Georges Rodenbach et la presse

L'édition du Rouet des brumes dans la collection Contes symbolistes (vol. 3, Grenoble, ELLUG, 2016) devrait se prolonger à travers l'édition d'une sélection de Contes inédits de l'auteur belge, parus dans la presse sans avoir été ensuite recueillis, voire jamais parus du tout. Certains sont des textes de la maturité, aussi aboutis que les contes du Rouet des brumes ; d'autres, les premiers récits destinés à La Plage de Blankenberghe, sont des historiettes d'un jeune homme encore en formation et doivent être replacées dans le cadre particulier de la presse estivale. Cette édition, qui se veut dirigée vers un public élargi d'amateurs autant que d'universitaires et qui se limitera donc à une annotation minimale, vise prioritairement à mettre à disposition des lecteurs ces textes peu connus et difficiles d'accès.
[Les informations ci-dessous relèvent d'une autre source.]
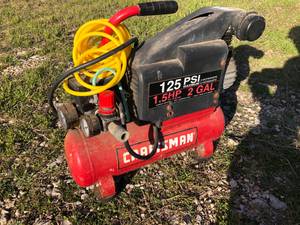 Craftsman Air Compressor (Dripping Springs)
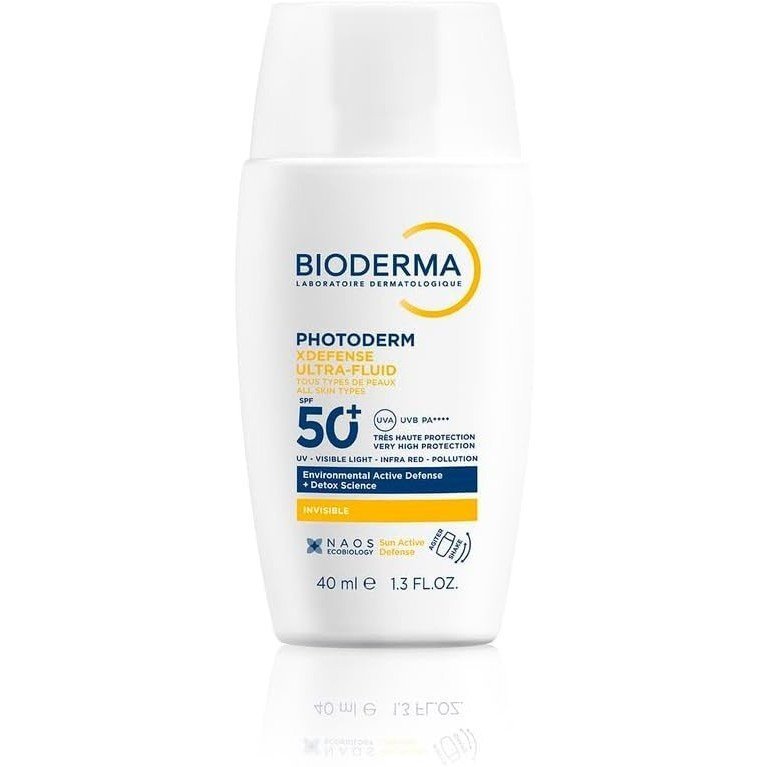 BIODERMA Photoderm XDefense Ultra-Fluid Hydrating Detox Sunscreen SPF50+ PA++++ 40ml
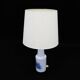 White bedside lamp, Danish design, 1960s, manufacturer: Fog & Mørup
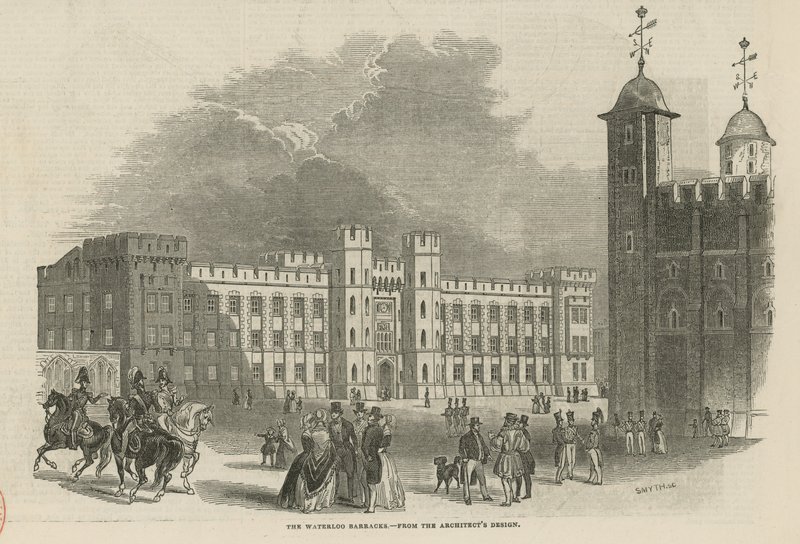 Le Caserme di Waterloo da English School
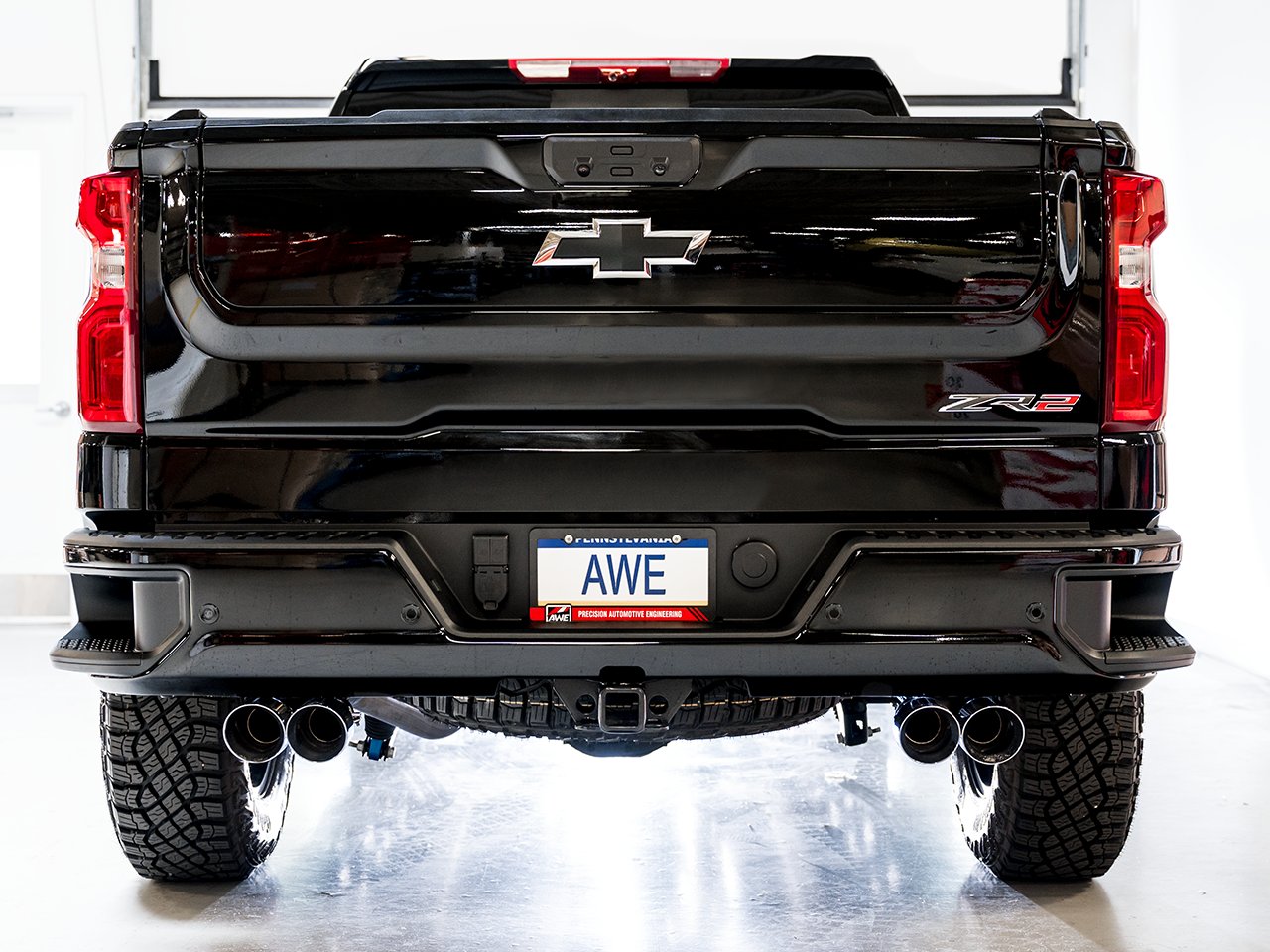 AWE 0FG EXHAUST SUITE FOR THE 4TH GEN SILVERADO ZR2 / SIERRA AT4X AWE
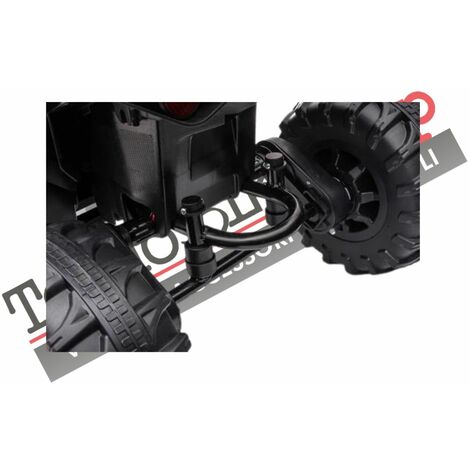 Quad Elettrico per Bambini ATV 1.0 12V con Radiocomando-Rosa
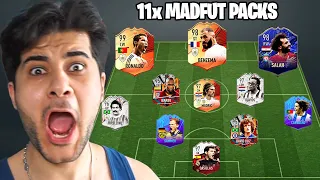 11 Madfut Packs = mein Fifa Team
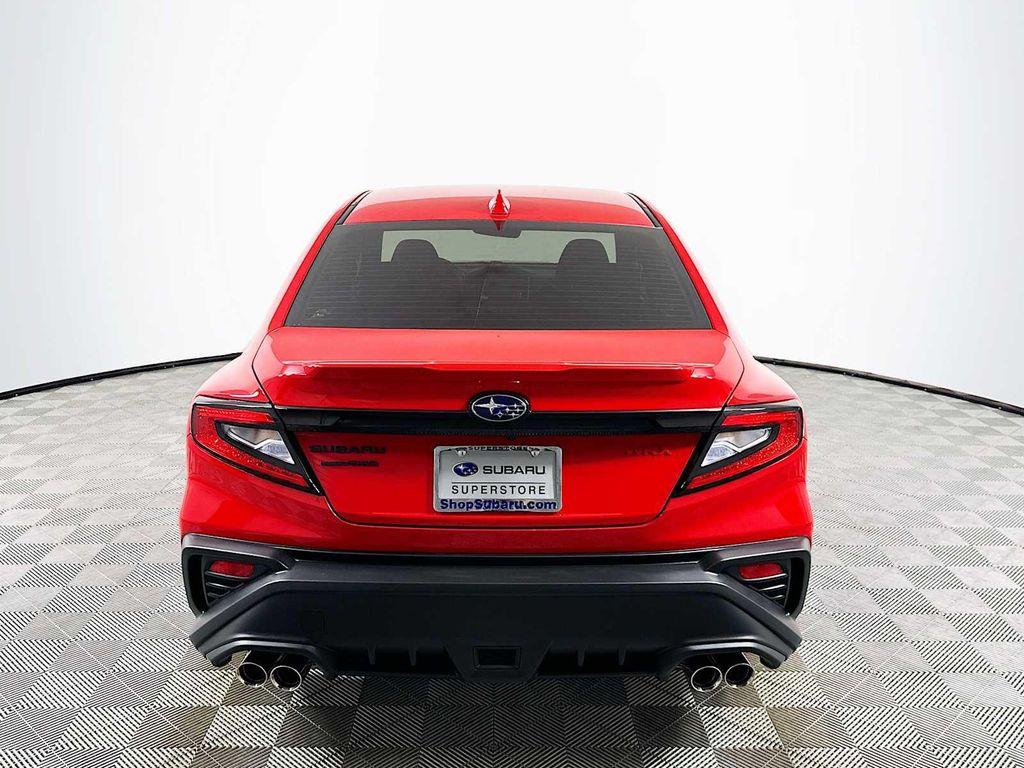 new 2025 Subaru WRX car, priced at $39,705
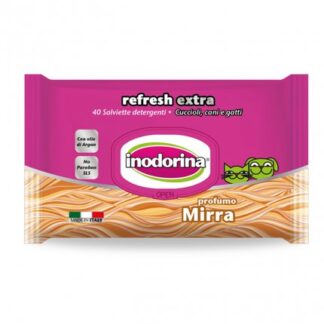 INODORINA SALVIETTE MIRRA 40PZ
Elle cherche également à interroger - par la négative - l'articulation entre parution en périodique et publication livresque : ces contes relevaient-ils d'un projet cohérent, à l'image des récits rédigés pour Le Journal qui allaient devenir le posthume Rouet des brumes ? Travailler sur ces inédits narratifs invite à se pencher, dans un second temps, sur un continent quasiment inconnu de la production de Rodenbach : ses articles de presse. Si ceux-ci ne présentent pas un intérêt littéraire majeur, ils sont représentatifs de la pratique de la chronique sous la Troisième République et permettent de questionner les transferts culturels entre la France et la Belgique. Ils aident également à compléter l'horizon culturel de Rodenbach, et donc d'affiner la compréhension de son oeuvre, dont la critique a souvent souligné l'obsédante et personnelle cohérence, dans le contexte médiatique voire mondain dans lequel leur auteur évoluait par ailleurs. Au-delà de ce corpus, il s'agit donc de jauger une présence médiatique et la place qu'occupait le romancier de Bruges-la-Morte dans le champ culturel et journalistique de son époque.